3.2. The Concept of Species Inside the Species Complex

Several elements from our results raise important questions regarding the definition of the species boundaries inside this Macrocarpaea species complex. Notably, neither the genetic distance-based dendrogram nor the Bayesian clustering analyses support the species boundary defined based on morphological data and field observations for M. claireae and M. xerantifulva. Macrocarpaea claireae in cluster A is relatively deeply nested in the middle of the populations of M. xerantifulva on the dendrogram. The Bayesian clustering analyses reveal that M. claireae 1 and the northernmost population of M. claireae 2, which were sampled a few kilometers apart from one another (<3 km), are members of the same genetic cluster (cluster A1). The fact that individuals belonging to cluster A1 are also found mixed with other genetic clusters in other populations close to the border between Ecuador and Peru indicates that M. claireae and M. xerantifulva may be the same species that displays a geographic genetic structure. The relatively low branch length at the internodes for clade A on the dendrogram also suggests relatively low genetic differentiation between populations inside the cluster, which support the hypothesis of the presence of a single species inside cluster A. However, as the samples of the populations of cluster A are very small, the structure detected within this cluster is probably not sufficiently strong from a statistical point of view and the species boundaries need to be tested with more solid approaches. Thus, future studies should revisit the taxonomic status of M. claireae and M. xerantifulva.
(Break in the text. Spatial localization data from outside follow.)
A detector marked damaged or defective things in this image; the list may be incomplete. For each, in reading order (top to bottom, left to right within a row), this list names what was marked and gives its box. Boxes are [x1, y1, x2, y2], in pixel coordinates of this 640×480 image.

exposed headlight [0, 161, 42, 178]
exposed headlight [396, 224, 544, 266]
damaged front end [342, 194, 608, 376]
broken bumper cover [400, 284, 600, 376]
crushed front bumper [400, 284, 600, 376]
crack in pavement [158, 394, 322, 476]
A population genetic approach like we employ in this study has great potential to first detect the genetic boundaries of cryptic species and then to assist the taxonomic assignment of individuals to one species or another. Surprisingly, the ∆K statistics [48] only favored 3 genetic groups inside cluster B where we recognized 10 taxonomic species [28,35]. We think that this small number of groups identified is very likely the outcome of the detection of a deep genetic structure inside cluster B, rather than the presence of a maximum of three differentiated genetic groups [49]. This is illustrated by the low level of admixture detected inside each sub-cluster (Figure 1III). In comparison, the mean log-likelihood for the number of clusters (mean L(K); Figure S1C) only started to reach a plateau around K = 6 and thus indicates the potential presence of additional levels of genetic structure. The comparison of the partitioning of the genetic variance (AMOVA, Table 2), either assuming the species boundaries or the genetic clusters as the highest level of genetic structure, revealed that the species boundaries explained a greater proportion of the genetic variance, which also supports the idea that the genetic clusters identified by STRUCTURE did not capture the totality of the genetic structure present in our dataset.
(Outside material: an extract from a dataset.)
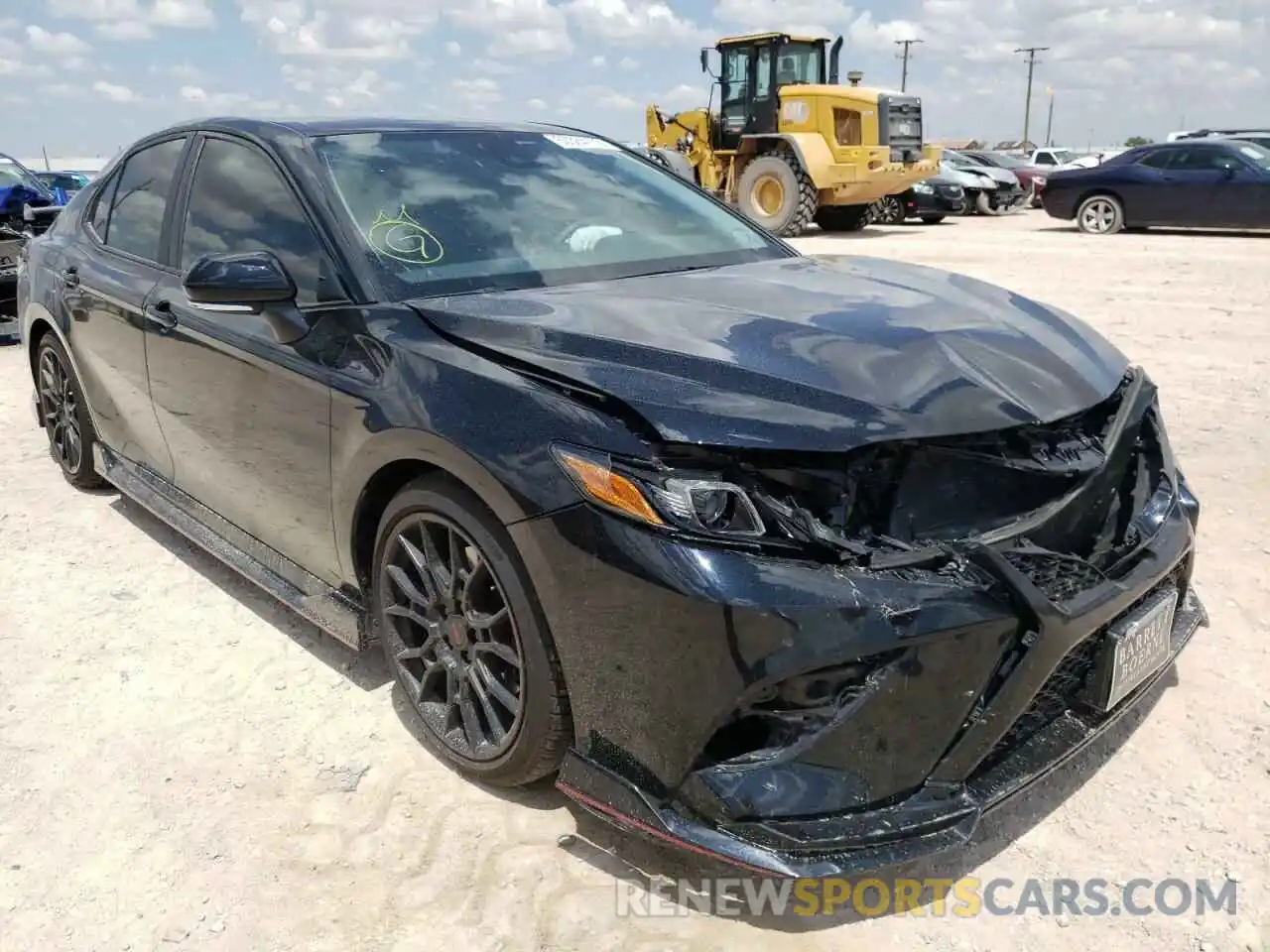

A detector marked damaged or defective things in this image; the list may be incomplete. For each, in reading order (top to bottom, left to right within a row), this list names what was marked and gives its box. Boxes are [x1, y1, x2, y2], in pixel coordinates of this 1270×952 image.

3.3. Differences in Gene Diversity and the Dry Refugia

We found a significant deficit of about 40% in gene diversity in the populations of M. xerantifulva (mean H_j = 0.089) in comparison to the populations from cluster B (mean H_j = 0.150). Compared with estimates in the literature for other perennial and predominantly outcrossing plants [50], gene diversity is relatively low for cluster B and very low for M. xerantifulva. The very low levels of gene diversity found in M. xerantifulva indicate that this species very likely went through a demographic bottleneck, which fits the prediction of the dry refugia model [22]. This, in turn, suggests that the Rio Chinchipe valley might have been drier during the cold cycles of the PCO than nowadays and that the populations of M. xerantifulva re-colonized the valley only recently. An alternative hypothesis to explain the low genetic diversity in M. xerantifulva could be that it has recently been founded by a small number of individuals (founder event; [51]). This hypothesis is quickly refuted by the fact that the basal divergence between M. xerantifulva and cluster B likely dates back to their common ancestor some 2 Myr [45]. According to the prediction of the dry refugia hypothesis, it should be possible to locate the position of the refugium by identifying the population or the region that has the highest level of gene diversity. In M. xerantifulva there is no clear candidate population that differs from the others. The only exception is M. xerantifulva 12, but it is a very small population (N = 3, H_j = 0.132) which limits its significance. Another approach to identifying refugia could consist of assessing the diversity of genetic clusters inside populations (genotype diversity). Using this approach, M. xerantifulva 18, which is in northern Peru in the proximity to the border with Ecuador, and M. xerantifulva 18, which is located about 20 km further south, are the best candidates. Considering that if an intensification of drought occurred in the Rio Chinchipe valley, it should have been more severe in the south, the position of refugia in that part of the valley is not illogical. Nevertheless, this pattern of genotype richness cannot be taken as the ultimate evidence for the position of refugia. Secondary contact zones can also generate a hotspot of genotype diversity (genetic cline) and both scenarios are relatively difficult to set apart [52].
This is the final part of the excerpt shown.